How to trouble shoot crash?

Asked by Adrian Mariano

After a while (a few minutes? an hour?) my newly installed Ubuntu running 15.04 freezes. I get no mouse cursor, the keyboard is not responsive, even to ctrl-alt-F# to switch to a different terminal. The mouse is still on (red light). I tried replugging devices with no effect.

How can I troubleshoot this failure?

The machine is still up: I can ssh in from another host. I did this and started killing processes. In fact, I killed all user processes (except my ssh) but I still don't regain control of the console. I tried to kill X and it is listed as defunct but I still don't get the console back.

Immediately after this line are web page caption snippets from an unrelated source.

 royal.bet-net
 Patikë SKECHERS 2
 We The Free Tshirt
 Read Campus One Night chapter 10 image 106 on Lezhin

Any suggestions on how to regain control of my console and/or figure out what is going on and how to stop this crash from happening?

Question information

Language:
English Edit question
Status:
Expired
For:
Ubuntu Edit question
Assignee:
No assignee Edit question
Last query:
Last reply:
Revision history for this message
actionparsnip (andrew-woodhead666) said :
#1

I test the RAM using Memtest86 from Grub as a good starting point. Red means some or all RAM is bad

Revision history for this message
Adrian Mariano (adrign) said :
#2

Tested the RAM and passed with no errors. Any analogous way to test the video card? When the crash happens the machine is still running, since I can connect remotely. Only (?) the display is frozen. Note also that the machine worked, apparently without any problems, under Windows.

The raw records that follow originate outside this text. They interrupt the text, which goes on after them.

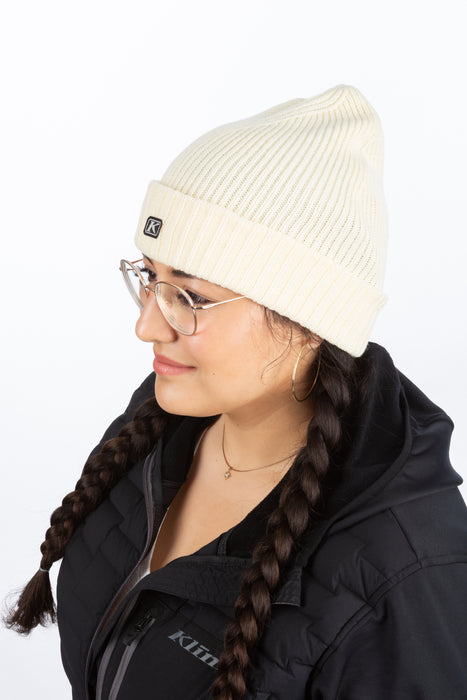 KLIM Wilder Beanie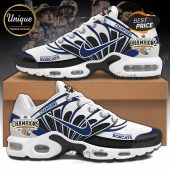 Montana State Afc North Division Champions White Air Max Plus 2 Txapg.jpg - demo10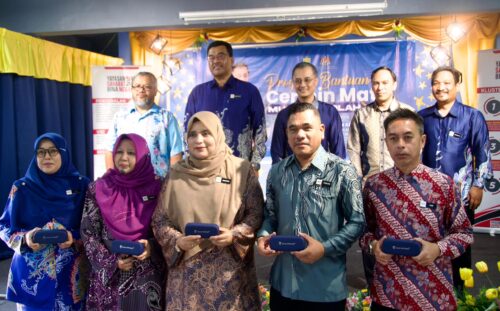 whatsapp image 2025 06 12 at 11.47.29 (3)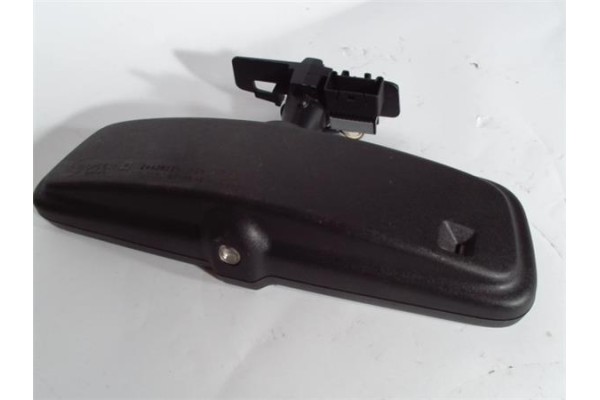 Recambio de retrovisor interior para opel astra g berlina 1.7 edition referencia OEM IAM 24438231 1394 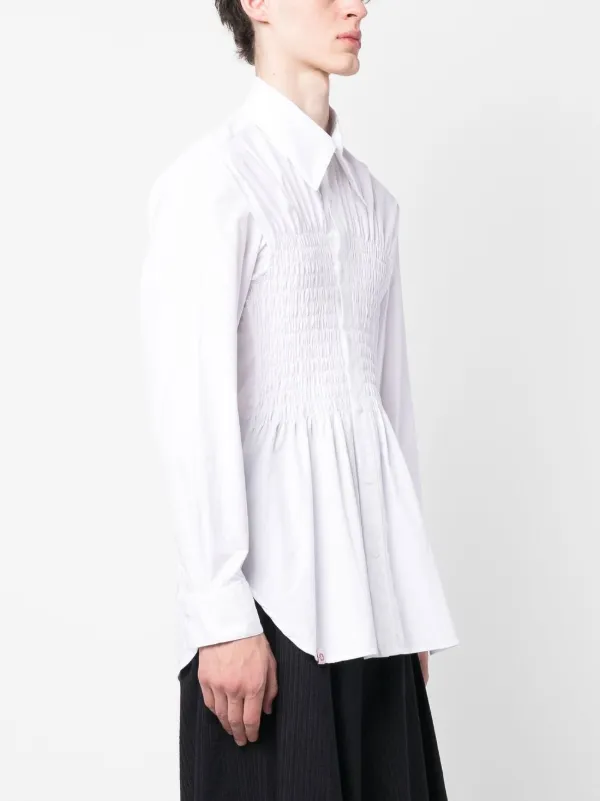 Charles Jeffrey LOVERBOY ロングスリーブカットソー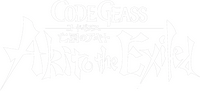 Logo 0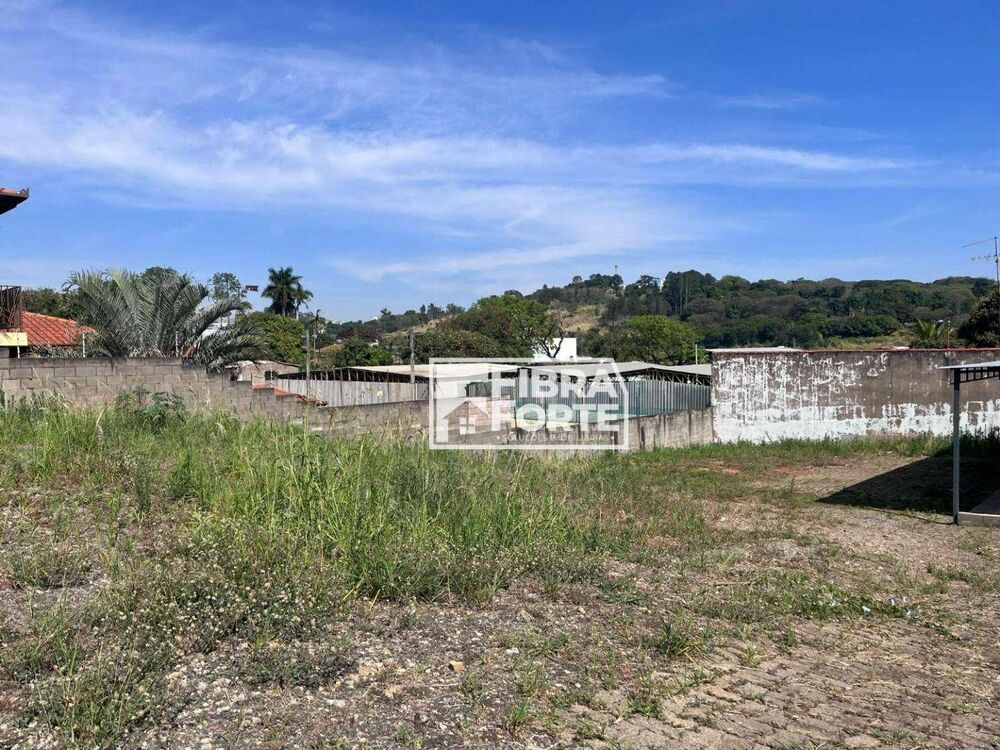 Terreno, 1000 m² - Foto 5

Revision history for this message
actionparsnip (andrew-woodhead666) said :
#3

If you install openssh-server can you connect from another PC via SSH

The fact it worked under Windows is of little value. You could have wiped Windows off, installed Linux and then the HDD fails. Doesn't mean Linux is to blame.

Revision history for this message
Adrian Mariano (adrign) said :
#4

Yes, I can connect from another computer via ssh. So what? As I already noted, when the console is frozen I can still ssh in from other machines without trouble. And again as I previously noted, I tried to kill processes to regain control of the console and could not find a process whose death gave me the console back. Even after all the processes associated with the console login are gone, and I send Xorg a kill signal, the console remains frozen.

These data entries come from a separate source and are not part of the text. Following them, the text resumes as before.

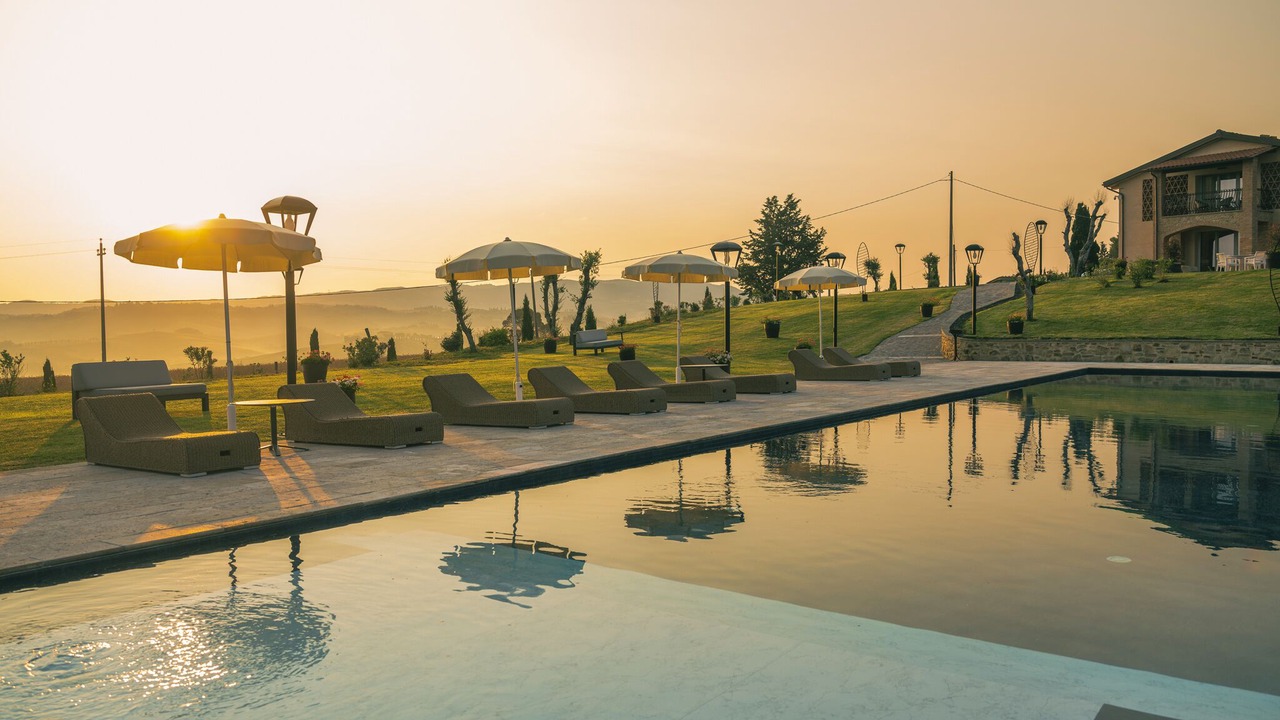 Photo of Outdoor in Peccioli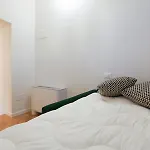 Appartement Design Nel Quadrilatero Della Moda *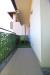 Appartamento in vendita con box a Canegrate - 10, 10.JPG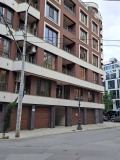 Продава 2-СТАЕН, град София, Иван Вазов • 290000 € / 567190.70 лв. • 48718546 7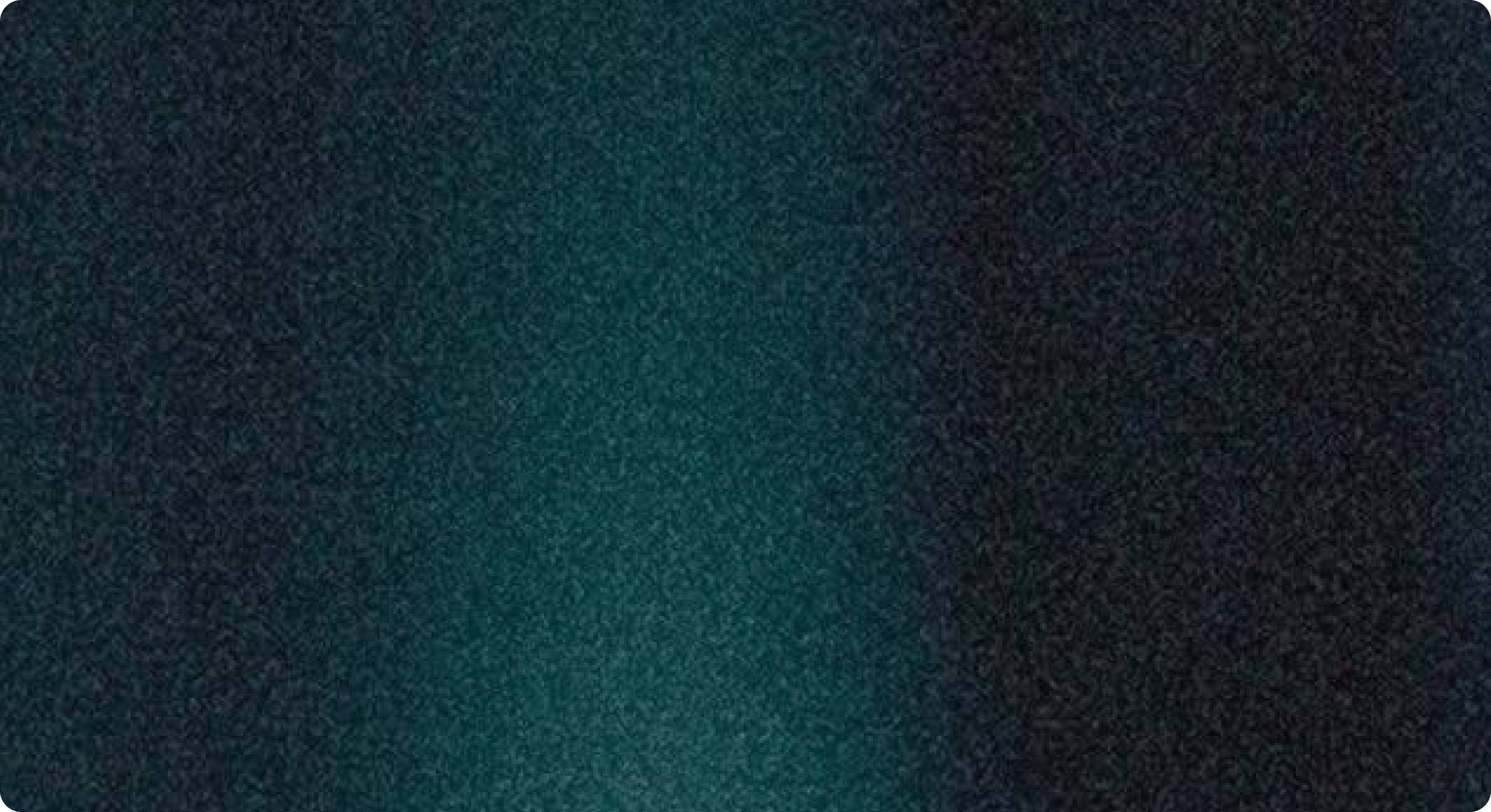 Amazon Pricing Strategy: 7 Ways to Protect Your Margins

While it is *possible* that the machine worked just fine for years and then experienced catastrophic hardware failure the moment after I installed Linux, it is exceedingly unlikely. Therefore, the fact that the machine worked under windows is information that may help understand the problem. Most types of hardware failure are going to cause trouble for both Windows and Linux.

Revision history for this message
actionparsnip (andrew-woodhead666) said :
#5

If you can ssh in, run:

dmesg

As well as the last few lines of /var/log/Xorg.0.log

Revision history for this message
actionparsnip (andrew-woodhead666) said :
#6

It's not exceedingly unlikely at all. It's a perfectly reasonable suggestion and does happen. In fact installing a new operating system puts great wear on the drive compared to regular usr so is more likely. Think about it.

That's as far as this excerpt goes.